== Your instructions ==
Only the lines from the line containing "Enhance your wardrobe" to the end of the entries, both included, belong in your answer, and each must match exactly.

--- Data for the task ---

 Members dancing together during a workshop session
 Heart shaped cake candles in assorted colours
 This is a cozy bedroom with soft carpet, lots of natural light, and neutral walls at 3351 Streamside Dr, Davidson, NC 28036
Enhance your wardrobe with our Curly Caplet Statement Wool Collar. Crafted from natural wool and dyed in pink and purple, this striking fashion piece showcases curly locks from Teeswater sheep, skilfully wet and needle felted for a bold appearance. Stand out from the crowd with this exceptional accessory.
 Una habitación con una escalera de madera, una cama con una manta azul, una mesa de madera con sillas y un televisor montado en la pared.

---

== Response area ==
Enhance your wardrobe with our Curly Caplet Statement Wool Collar. Crafted from natural wool and dyed in pink and purple, this striking fashion piece showcases curly locks from Teeswater sheep, skilfully wet and needle felted for a bold appearance. Stand out from the crowd with this exceptional accessory.
 Una habitación con una escalera de madera, una cama con una manta azul, una mesa de madera con sillas y un televisor montado en la pared.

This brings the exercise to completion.